Designed with Meetings in Mind 

The property spans 24.5 acres and sits adjacent to the West Hall of the Las Vegas Convention Center. Architect Carlos Zapata designed the exterior of the building, while David Collins Studio is responsible for the interiors. The iconic bowtie logo features in what seems like every square inch of the hotel.

There is no denying that the Fontainebleau Las Vegas is ideal for meetings and groups, with 550,000 square feet of flexible meeting space. The rubber hit the road during Preview Las Vegas 2024, hosted in the 105,264-square-foot Royal Ballroom.

“It is pretty cool to be here at the Fontainebleau, right? I’m glad they got the doors open,” said Nevada Governor Joe Lombardo. “Tides raise all ships, and the fact that we have another mega-resort open in the Las Vegas Valley is going to be a benefit for us across the state,” he said. “I can’t be more proud or happier that Fontainebleau was able to pull it off.”

High-profile speakers, including Peter O’Reilly from the NFL and A’s owner John Fisher, spoke during the event. They were later whisked away to a room sectioned off behind the main stage, where they spoke before a cluster of reporters and news crews. This setup demonstrated the versatility of the massive space.

Additionally, loading and unloading for events is made convenient with six “megavators,” along with six loading docks, according to Vice President of Sales Carmen M. Rubino. “Customers are thrilled to hear that because they’re thinking about the overtime required along with having to reserve a loading dock and the overall ease of loading and unloading for an exhibition,” he explained. “It’s a meeting planner’s dream.” 

A Long Journey

The new property is the dreamchild of Fontainebleau Chairman and CEO Jeffrey Soffer who sought to bring the same iconic flare of the Fontainebleau Miami to Vegas in 2005 after obtaining a $2 billion dollar loan. The 2008 recession put a halt to the development of the Vegas location. 

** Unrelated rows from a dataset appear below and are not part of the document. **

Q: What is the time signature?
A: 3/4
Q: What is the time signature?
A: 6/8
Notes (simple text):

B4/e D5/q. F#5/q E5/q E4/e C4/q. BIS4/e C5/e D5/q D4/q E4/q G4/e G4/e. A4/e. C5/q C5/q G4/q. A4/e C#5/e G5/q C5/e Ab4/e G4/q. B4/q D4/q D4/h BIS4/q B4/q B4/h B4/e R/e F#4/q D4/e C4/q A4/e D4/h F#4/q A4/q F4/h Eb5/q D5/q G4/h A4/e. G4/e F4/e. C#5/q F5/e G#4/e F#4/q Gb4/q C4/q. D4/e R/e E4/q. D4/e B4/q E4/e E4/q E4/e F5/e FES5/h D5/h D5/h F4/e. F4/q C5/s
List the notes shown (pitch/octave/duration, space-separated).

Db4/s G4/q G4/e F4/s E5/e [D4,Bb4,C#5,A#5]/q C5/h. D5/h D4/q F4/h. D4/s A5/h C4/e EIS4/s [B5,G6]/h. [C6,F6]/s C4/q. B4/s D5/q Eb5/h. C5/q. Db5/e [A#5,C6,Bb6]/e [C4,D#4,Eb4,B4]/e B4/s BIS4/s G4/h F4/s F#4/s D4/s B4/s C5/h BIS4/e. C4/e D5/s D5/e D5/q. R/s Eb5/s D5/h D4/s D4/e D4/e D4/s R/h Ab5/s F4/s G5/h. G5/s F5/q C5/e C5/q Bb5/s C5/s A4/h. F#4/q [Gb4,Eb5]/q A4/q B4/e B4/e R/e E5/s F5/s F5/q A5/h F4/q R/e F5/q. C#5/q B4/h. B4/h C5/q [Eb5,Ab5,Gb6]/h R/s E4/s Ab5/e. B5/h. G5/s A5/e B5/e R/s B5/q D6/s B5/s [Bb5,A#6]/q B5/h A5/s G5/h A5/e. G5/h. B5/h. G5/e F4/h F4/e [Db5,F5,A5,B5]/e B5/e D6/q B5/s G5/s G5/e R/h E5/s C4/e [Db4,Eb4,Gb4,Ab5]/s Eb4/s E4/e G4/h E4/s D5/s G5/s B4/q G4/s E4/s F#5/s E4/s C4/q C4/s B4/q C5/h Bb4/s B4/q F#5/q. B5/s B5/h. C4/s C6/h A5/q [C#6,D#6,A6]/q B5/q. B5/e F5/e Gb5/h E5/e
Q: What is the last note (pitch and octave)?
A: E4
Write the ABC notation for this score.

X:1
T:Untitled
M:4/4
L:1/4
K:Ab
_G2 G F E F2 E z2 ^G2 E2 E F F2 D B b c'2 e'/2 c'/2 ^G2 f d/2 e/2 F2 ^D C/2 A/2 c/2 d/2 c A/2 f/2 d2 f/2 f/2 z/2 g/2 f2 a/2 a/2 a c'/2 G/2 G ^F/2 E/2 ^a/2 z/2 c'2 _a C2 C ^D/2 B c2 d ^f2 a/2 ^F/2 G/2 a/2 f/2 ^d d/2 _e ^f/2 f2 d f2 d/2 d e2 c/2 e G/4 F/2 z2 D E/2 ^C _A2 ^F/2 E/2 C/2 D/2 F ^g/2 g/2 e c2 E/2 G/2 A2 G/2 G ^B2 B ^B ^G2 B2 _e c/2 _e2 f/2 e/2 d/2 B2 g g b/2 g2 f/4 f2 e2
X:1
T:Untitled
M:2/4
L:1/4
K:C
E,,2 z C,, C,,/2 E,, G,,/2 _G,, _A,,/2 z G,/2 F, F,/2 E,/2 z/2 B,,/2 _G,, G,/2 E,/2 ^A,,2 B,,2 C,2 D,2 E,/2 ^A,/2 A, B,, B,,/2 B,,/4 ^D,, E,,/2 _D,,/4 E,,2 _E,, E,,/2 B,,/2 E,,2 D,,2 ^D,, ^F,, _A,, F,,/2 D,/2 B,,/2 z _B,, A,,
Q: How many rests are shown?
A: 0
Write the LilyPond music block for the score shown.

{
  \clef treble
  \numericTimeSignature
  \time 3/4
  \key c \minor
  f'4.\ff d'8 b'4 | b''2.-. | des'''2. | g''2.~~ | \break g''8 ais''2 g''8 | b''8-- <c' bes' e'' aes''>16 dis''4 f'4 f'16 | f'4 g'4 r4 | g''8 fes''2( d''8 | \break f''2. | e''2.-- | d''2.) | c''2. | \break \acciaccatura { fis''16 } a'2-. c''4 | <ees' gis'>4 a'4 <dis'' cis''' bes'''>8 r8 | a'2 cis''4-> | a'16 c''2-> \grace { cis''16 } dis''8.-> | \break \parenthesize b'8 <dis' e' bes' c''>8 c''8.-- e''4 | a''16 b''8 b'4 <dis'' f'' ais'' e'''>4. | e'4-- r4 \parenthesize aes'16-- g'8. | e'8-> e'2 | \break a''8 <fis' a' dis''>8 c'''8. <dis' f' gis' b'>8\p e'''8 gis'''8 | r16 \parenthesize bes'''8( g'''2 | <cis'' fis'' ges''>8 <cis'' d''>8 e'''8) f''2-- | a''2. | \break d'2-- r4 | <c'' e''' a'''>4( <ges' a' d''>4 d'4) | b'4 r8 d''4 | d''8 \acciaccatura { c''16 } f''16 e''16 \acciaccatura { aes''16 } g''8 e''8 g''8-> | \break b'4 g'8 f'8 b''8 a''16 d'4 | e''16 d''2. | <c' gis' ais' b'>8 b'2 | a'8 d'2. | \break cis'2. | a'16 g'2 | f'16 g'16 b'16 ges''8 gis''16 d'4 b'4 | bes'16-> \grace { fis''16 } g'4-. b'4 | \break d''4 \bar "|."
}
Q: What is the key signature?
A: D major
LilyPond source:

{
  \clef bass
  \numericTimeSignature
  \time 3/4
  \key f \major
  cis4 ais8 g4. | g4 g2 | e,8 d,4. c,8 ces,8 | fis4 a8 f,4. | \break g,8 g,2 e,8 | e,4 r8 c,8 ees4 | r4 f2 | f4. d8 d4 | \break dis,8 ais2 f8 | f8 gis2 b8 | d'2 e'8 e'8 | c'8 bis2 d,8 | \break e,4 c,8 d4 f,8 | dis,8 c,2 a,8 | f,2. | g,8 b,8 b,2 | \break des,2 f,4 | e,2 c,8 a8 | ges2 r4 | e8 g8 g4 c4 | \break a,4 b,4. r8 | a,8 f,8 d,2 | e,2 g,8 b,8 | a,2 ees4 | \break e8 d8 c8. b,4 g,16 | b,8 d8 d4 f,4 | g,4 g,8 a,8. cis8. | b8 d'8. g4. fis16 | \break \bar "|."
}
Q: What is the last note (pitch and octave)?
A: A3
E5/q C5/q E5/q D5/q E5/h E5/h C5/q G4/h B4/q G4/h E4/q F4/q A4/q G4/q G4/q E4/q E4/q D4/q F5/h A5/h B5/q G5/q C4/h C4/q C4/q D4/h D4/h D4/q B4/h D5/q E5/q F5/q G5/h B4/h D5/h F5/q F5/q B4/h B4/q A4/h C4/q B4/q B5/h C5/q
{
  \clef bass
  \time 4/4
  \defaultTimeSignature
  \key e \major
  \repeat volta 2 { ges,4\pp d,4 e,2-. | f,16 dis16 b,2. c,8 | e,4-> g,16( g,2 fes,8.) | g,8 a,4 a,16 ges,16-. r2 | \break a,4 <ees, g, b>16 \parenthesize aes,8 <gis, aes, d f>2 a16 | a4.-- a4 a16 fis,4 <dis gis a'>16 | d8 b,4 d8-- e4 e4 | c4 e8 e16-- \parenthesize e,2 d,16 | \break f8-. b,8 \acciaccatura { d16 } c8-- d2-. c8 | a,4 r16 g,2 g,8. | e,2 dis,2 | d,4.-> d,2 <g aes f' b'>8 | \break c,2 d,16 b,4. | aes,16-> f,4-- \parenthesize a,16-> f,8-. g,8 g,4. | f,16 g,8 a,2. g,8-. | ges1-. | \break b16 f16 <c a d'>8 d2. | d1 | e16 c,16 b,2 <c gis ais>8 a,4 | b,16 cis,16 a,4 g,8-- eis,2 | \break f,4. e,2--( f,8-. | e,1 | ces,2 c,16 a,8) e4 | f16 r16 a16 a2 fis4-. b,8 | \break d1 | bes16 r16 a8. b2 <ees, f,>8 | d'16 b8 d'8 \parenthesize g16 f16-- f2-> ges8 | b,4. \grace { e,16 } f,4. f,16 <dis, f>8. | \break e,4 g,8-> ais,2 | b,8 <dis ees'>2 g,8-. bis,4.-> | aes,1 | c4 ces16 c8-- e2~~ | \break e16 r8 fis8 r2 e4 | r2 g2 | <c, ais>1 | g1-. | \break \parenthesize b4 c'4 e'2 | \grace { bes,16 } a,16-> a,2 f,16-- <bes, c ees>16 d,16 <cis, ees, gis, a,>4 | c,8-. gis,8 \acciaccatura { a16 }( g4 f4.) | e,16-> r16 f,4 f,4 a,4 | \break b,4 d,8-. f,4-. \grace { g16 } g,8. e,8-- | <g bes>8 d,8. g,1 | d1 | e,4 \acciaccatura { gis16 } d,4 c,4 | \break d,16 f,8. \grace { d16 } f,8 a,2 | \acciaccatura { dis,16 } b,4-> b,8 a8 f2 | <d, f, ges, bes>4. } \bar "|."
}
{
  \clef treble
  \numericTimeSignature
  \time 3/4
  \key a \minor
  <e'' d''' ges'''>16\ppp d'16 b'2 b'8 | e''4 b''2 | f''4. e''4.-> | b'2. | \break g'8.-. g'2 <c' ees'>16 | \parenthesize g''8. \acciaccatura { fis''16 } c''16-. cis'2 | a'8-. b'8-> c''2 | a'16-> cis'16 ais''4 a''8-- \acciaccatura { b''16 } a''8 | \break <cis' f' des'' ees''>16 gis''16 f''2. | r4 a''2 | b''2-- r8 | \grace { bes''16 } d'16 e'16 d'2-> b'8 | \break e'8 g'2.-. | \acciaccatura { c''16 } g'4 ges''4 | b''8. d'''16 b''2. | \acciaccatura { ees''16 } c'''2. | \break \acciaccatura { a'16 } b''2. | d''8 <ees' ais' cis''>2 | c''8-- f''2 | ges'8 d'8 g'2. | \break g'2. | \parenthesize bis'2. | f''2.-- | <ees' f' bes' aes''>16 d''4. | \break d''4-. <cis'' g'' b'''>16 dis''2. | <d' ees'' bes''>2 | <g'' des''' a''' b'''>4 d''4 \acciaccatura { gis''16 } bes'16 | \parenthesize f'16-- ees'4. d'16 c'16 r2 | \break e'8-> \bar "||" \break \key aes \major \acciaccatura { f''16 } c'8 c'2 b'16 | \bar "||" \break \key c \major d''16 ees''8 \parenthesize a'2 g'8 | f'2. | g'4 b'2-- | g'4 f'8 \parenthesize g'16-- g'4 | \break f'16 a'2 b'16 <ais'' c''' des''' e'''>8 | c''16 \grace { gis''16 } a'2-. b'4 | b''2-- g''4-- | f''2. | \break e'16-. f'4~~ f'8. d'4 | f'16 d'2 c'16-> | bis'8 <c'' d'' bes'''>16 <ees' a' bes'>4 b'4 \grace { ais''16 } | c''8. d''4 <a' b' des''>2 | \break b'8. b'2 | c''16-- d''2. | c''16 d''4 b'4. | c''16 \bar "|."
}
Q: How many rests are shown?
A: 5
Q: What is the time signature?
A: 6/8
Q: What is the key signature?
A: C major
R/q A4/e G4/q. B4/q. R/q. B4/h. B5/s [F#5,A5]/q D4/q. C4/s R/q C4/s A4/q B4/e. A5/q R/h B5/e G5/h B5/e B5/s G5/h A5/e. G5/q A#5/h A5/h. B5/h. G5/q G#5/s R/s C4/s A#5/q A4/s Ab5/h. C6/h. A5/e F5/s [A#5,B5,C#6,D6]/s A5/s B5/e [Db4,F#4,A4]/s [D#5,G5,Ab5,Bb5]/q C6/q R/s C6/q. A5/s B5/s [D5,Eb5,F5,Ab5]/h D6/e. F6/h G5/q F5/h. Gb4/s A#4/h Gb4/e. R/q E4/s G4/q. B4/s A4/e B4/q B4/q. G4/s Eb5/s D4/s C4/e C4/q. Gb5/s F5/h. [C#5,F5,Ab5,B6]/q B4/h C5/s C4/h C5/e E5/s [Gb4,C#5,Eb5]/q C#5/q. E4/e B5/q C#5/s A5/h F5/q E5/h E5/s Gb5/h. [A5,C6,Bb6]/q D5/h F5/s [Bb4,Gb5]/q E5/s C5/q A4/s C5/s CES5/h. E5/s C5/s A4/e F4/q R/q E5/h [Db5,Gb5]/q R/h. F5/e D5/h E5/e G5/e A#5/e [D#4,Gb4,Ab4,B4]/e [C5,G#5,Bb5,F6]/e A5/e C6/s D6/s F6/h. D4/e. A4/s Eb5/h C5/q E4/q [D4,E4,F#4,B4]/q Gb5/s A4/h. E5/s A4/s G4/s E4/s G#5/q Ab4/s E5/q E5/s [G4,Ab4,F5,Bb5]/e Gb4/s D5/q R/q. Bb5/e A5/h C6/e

“The bank reneged on the construction loan missing with 75% of the resort built and forced the owner into bankruptcy,” said Rubino. “And there she stood in all her glory in this big, beautiful, sexy building for years.”

The property remained in a sort of purgatory from 2009 to 2017, Rubino explained, until it was purchased by Marriott in 2018. The pandemic ended that project once again in 2020. Soffer reemerged into the equation and acquired the property in foreclosure. He then got the property across the finish line thanks to a $2.2 billion construction loan. 

Rubino was with Marriott as the executive director of sales while the company was in possession of the property but left to join Fontainebleau. “I thought it was so compelling for me personally in my hotel journey with Marriott that I actually left Marriott after 30 years to join this property and to finish what I started back from 2018 to 2021,” he said.